Título: STF tem sido favorável a habeas
Autor: Basile , Juliano
Fonte: Valor Econômico, 23/07/2008, Finanças, p. C8

O Supremo Tribunal Federal (STF) tem concedido habeas corpus para manter em liberdade pessoas presas em operações consideradas "espetaculares" da Polícia Federal. Essa tendência deve ser confirmada em agosto, no julgamento do investidor Daniel Dantas e da diretoria do Opportunity.

Em julgamentos recentes, ministros do STF examinaram as principais polêmicas envolvendo a prisão dos envolvidos na Operação Satiagraha: supressão de instâncias (o fato de o STF decidir antes de o caso passar por todas as instâncias do Judiciário), exposição dos presos à mídia, uso de interceptações telefônicas para fundamentar prisões e necessidade de manter o suspeito preso para não afetar a investigação. Em todos os casos, o tribunal derrubou alegações da PF nesses quatro pontos.

Há três casos-chave para entender a jurisprudência do STF no assunto: as prisões do ex-prefeito paulistano Paulo Maluf e do banqueiro Edemar Cid Ferreira e o processo por sonegação contra o publicitário Roberto Justus. No julgamento de Maluf, em 2005, o STF concluiu que poderia ignorar súmula do próprio tribunal para puxar processos para si caso constatasse abusos nas instâncias inferiores. Maluf e seu filho Flávio foram presos por tentar interferir nas investigações de lavagem de dinheiro e evasão de divisas. Foram pegos em escuta telefônica tentando induzir o depoimento de um doleiro.

A súmula 691 determina que não cabe ao STF analisar pedido de habeas corpus caso tribunal inferior o tenha negado. Era esse o caso, mas, no julgamento, o então ministro Carlos Velloso (hoje aposentado), argumentou que essa súmula pode ser superada quando se trata de liberdade de locomoção . Ele considerou que Maluf tinha endereço certo e se apresentou às autoridades; logo, não teria a intenção de fugir. Quanto às conversas com um doleiro, Velloso concluiu que se tratava apenas da estratégia de defesa. Votou pelo habeas corpus e foi seguido pelos ministros Gilmar Mendes, Celso de Mello, Cezar Peluso e Nelson Jobim.

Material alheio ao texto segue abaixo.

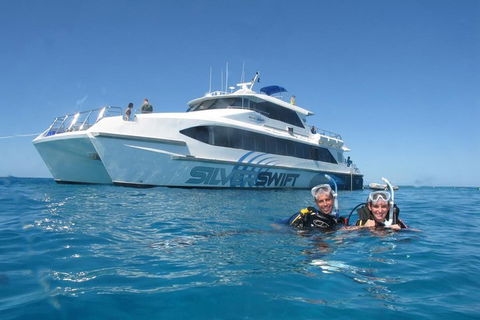 Silverswift Outer Great Barrier Reef Dive And Snorkel Cruise From Cairns - Accommodation Yamba 4
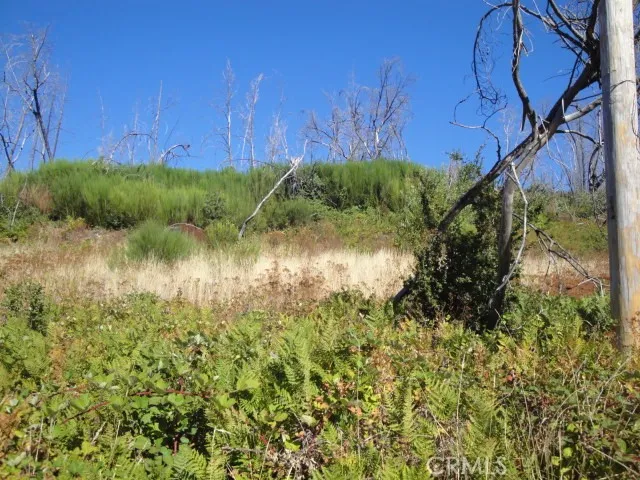 0 Meadow, Berry Creek, CA, 95916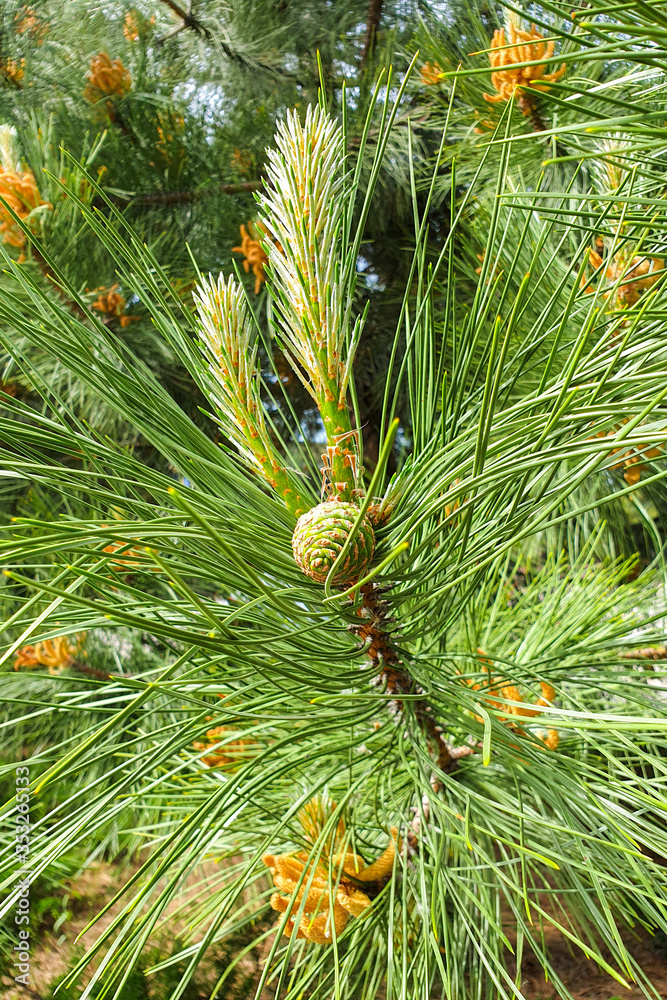 Young green pine cone and long needles on a coniferous tree with back light Young green pine cone and long needles on a coniferous tree with back light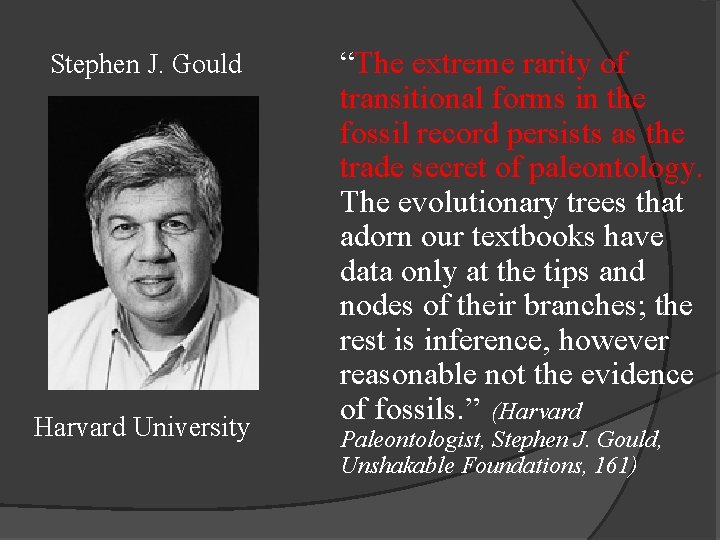 Stephen J. Gould Harvard University “The extreme rarity of transitional forms in the fossil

No caso de Justus, o STF determinou a extinção da ação penal. Os ministros consideraram a alegação da defesa de que o suposto débito tributário de Justus estava em julgamento no Conselho de Contribuintes e, portanto, não havia ainda crime tributário. Peluso chegou a sugerir o cancelamento da Súmula 691, mas foi contido pelos demais que viam nisso risco de proliferarem pedidos de habeas corpus ao STF. "A Corte é humana e com determinada capacidade de jurisdição", afirmou o então ministro Sepúlveda Pertence, reforçando a tendência de que o STF irá agir contra decisões de outros tribunais se verificar abusos.

No julgamento do habeas de Edemar, acusado, em 2006, de gestão fraudulenta do Banco Santos, os ministros fizeram um desabafo contra o uso de gravações telefônicas e interceptações de e-mails. Eros Grau atacou a interceptação de mensagens trocadas entre o banqueiro e seus advogados. "Essa escalada de invasão de privacidade poderá nos levar a um triste e doloroso destino. Os próximos seremos nós", advertiu.

"Vê-se, de pronto, que se trata de prova ilícita insusceptível de fundamentar decreto de prisão", completou Peluso. Gilmar Mendes concluiu que a prisão estaria funcionando como "antecipação da pena", o que seria incompatível com os princípios da presunção de inocência e da dignidade humana. Pressões da imprensa não devem servir de parâmetro para o tribunal, argumentou.